Sentrycs
- Type: Private
- Founded: 2017
- Website: sentrycs.com

= Sentrycs =

Israeli technology company

Sentrycs is an Israeli company that develops counter-unmanned aerial system technology. Its systems detect, identify, track, and mitigate unauthorized drones by analyzing communications between drones and their operators.

== Technology ==
Sentrycs develops protocol-based counter-drone systems using technology it calls Cyber over RF. The systems analyze radio-frequency communications to identify drones and locate their operators. They can also disconnect selected drones from their controllers and direct them to a designated landing location.

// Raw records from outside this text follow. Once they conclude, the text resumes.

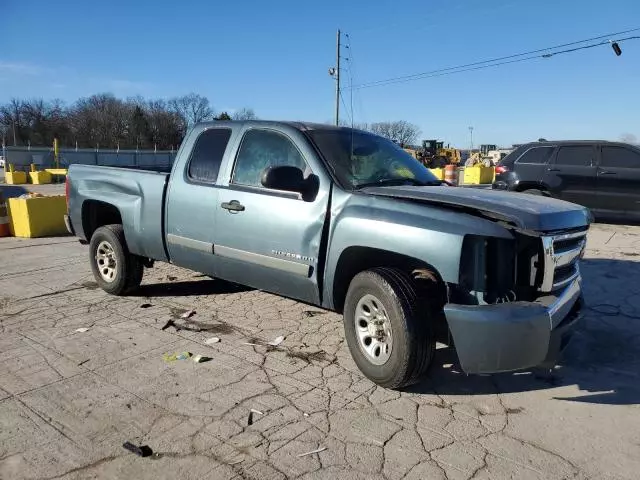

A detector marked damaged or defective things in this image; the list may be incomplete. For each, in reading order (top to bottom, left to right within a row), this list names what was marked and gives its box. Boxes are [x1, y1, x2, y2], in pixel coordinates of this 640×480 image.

crumpled hood [360, 185, 592, 232]
cracked concrete [1, 225, 640, 480]
damaged front end [444, 227, 584, 374]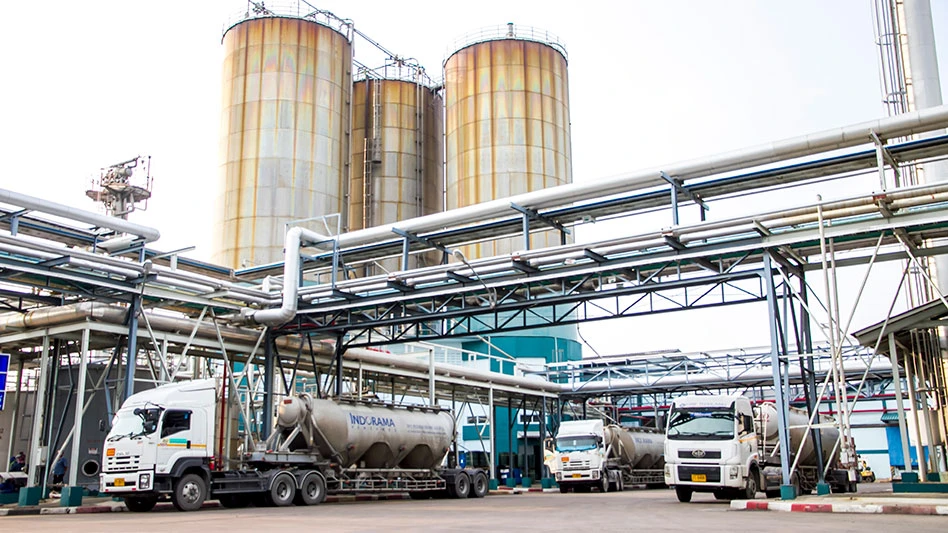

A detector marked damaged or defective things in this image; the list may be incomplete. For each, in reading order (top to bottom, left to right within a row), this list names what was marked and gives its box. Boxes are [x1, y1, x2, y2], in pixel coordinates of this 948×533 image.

rusty metal silo [211, 11, 352, 270]
rusty metal silo [350, 65, 446, 274]
rusty metal silo [444, 24, 572, 258]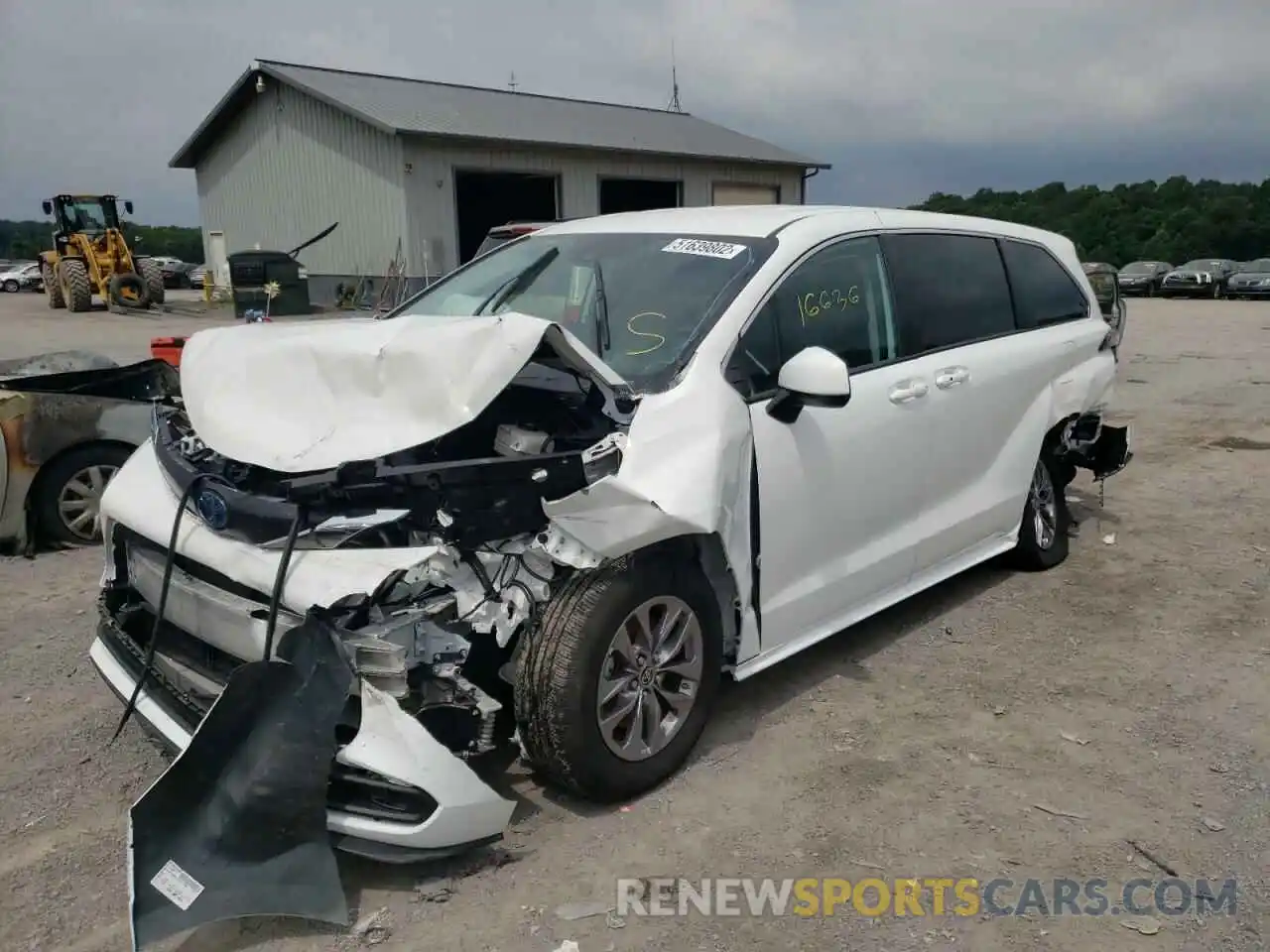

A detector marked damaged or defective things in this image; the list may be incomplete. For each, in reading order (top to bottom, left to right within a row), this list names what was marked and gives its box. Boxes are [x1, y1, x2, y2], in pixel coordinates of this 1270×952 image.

crushed fender [127, 611, 352, 952]
damaged front end [98, 314, 650, 949]
crumpled hood [182, 313, 627, 474]
damaged sedan front [93, 207, 1137, 949]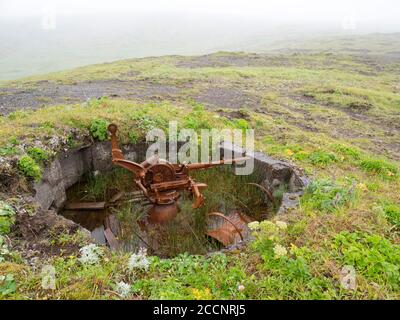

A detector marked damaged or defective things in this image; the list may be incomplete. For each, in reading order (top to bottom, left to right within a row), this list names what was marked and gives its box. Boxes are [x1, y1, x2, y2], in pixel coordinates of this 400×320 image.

rusted anti-aircraft gun [108, 124, 248, 224]
rusted gun carriage [108, 124, 248, 224]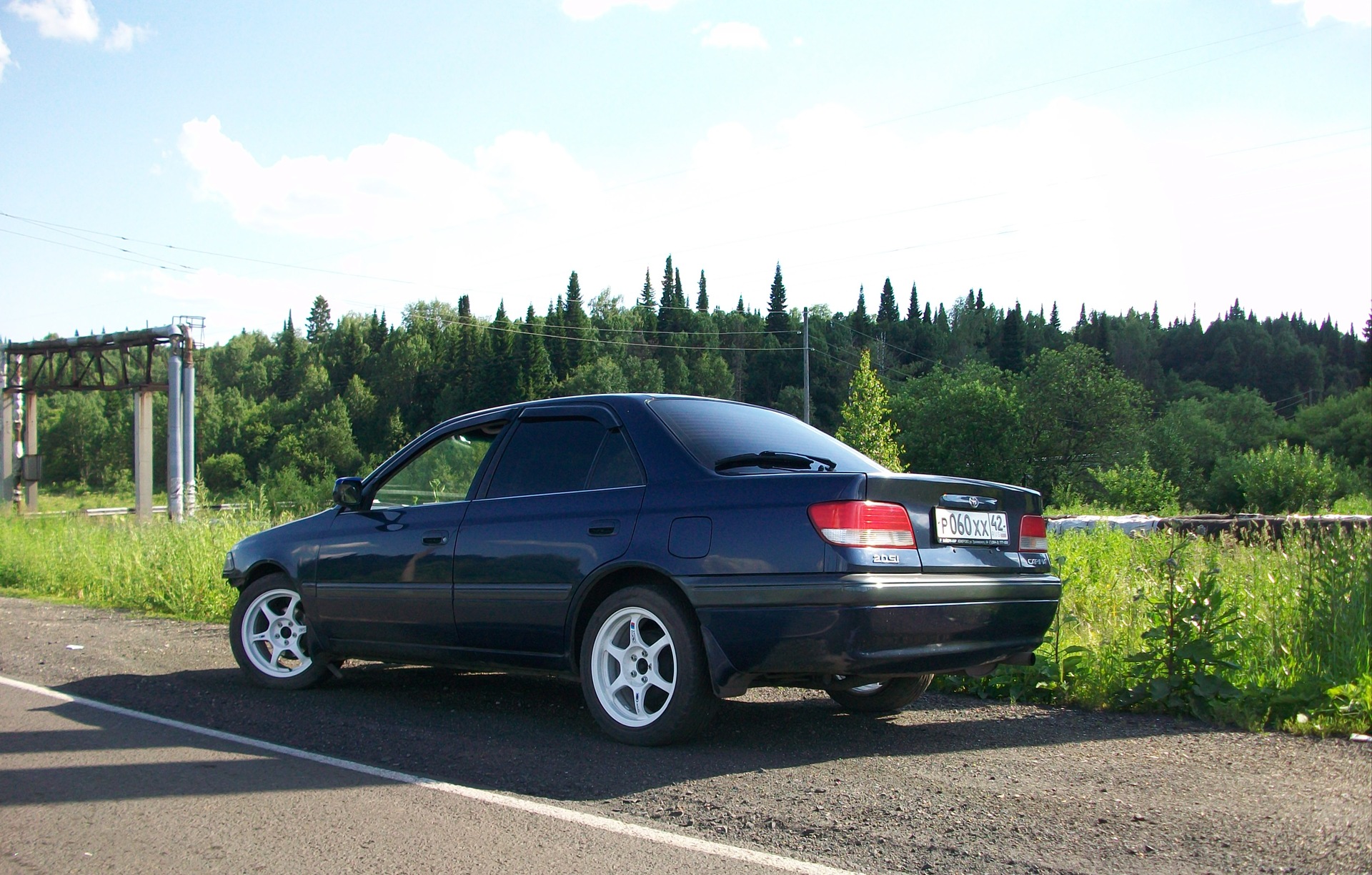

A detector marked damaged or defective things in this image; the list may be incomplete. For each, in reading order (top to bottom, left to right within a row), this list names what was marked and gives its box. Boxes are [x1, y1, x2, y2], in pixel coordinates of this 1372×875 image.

rusted metal frame structure [2, 327, 197, 521]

The technology is designed to operate alongside other counter-drone components, including radar and electro-optical sensors.

== History ==
Sentrycs was founded in 2017. In 2024, the company reported that its technology had been selected for use at military installations in Europe. The company also reported that its systems had been evaluated for use by security authorities in the United Kingdom.

In August 2024, Sentrycs signed a memorandum of understanding with Mahindra Group to develop and manufacture counter-drone systems for the Indian market.

In 2025, Sentrycs entered a partnership with XTEND to combine its detection and mitigation technology with XTEND’s unmanned aircraft systems. The companies said the integrated system would be used to detect unauthorized drones and deploy an interceptor when required.

Later that year, Rafael Advanced Defense Systems announced that Sentrycs’ technology would be integrated into its Drone Dome counter-UAS system. The integration added protocol-based detection and mitigation capabilities to the platform.

In 2025, Sentrycs also reported receiving a contract to supply counter-drone systems to a national security agency in Latin America. The customer and contract value were not disclosed.

The company separately received a contract to deploy counter-UAS systems for a national security organization in Africa. The country and contract value were not publicly identified.

Sentrycs has received an Army Technology Innovation Award and a Globee Award for its counter-drone technology. Frost & Sullivan also included the company in its 2024 assessment of the Israeli counter-UAS market.